4. Did you have any reservations about doing this full time?
None at all! Except I will say that freelance writing is only part of what I do. For me, it’s essential to have a mix of work—not only so I have multiple revenue sources but also so that I get my hands in lots of different types of work. I call this my “pie,” which includes freelance writing, seeing nutrition clients, consulting brands, and more.
5. Did those change? Do you still have the same fears/apprehensions or have new ones cropped up?
The first week I was out on my own, I felt so lonely. Then I quickly realized that I know so many people who are on their own like me. So I created a virtual network of “coworkers”—and often meet up in person with these people in real life—and don’t feel lonely at all!

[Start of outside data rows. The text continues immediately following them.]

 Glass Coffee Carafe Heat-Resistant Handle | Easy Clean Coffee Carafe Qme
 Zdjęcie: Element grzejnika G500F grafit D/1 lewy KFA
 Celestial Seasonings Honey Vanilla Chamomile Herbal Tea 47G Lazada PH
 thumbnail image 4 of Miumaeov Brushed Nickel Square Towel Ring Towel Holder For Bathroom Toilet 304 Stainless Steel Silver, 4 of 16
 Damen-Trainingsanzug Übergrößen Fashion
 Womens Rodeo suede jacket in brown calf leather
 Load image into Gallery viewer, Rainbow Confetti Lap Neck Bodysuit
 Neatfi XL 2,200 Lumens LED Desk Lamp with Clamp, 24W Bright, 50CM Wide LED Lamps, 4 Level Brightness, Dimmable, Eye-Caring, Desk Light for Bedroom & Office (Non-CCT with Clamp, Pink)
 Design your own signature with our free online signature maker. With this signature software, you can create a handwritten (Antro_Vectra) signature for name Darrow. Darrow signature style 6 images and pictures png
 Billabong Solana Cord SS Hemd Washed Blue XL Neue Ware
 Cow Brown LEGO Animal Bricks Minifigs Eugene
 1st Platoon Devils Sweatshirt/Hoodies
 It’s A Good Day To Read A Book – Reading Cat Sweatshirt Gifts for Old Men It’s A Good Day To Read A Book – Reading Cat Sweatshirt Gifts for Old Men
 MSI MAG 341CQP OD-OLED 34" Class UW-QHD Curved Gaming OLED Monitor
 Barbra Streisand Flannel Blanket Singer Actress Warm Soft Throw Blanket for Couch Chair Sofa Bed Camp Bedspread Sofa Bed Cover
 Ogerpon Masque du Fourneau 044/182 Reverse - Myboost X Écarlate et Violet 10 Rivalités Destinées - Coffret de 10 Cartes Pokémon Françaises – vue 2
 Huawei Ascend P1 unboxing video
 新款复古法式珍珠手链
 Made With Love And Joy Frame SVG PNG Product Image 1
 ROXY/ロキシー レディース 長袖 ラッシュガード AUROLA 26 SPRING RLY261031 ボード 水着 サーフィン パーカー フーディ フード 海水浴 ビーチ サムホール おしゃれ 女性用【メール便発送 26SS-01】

6. What did you wish you knew about freelancing/working from home/working for yourself before you did this full time?
Read your contracts in detail before you sign them! I’m embarrassed to say that I didn’t fully digest those early contracts. Now, a good chunk of my time is spent reviewing contracts and negotiating their terms.
7. What is the most challenging part of freelancing full time and working for yourself?
I’d say it’s balancing the fun of the projects I’m working on with the necessity of the administrative side. There are so many admin tasks to complete when you run your own business, and I have to set aside time to do these tasks. (By the way, you can grow your business in just 15 minutes.)
8. What do you do to maintain a steady flow of paid freelance work?
I make a million calendar reminders! The minute I submit a story pitch or a business proposal, I put a reminder in my calendar to follow up in a few weeks. The minute I get a story assignment for an outlet, I add a calendar reminder to pitch additional story ideas. This way, there’s never a lag,
9. Is there anything else you think is the key to your success as a freelancer/small business owner?
A big part of success in any business is networking, and being successful as a freelancer and a media dietitian is no different. If I can’t take on a client or a project, I refer out to someone in my network—and work comes back to me the same way. So I make sure to not only stay in touch with my colleagues but also to attend networking events and conferences.
I even now co-run a media training e-course for health professionals to help them navigate all things in the media expert world, from landing media interviews to understanding and negotiating those confusing contracts!”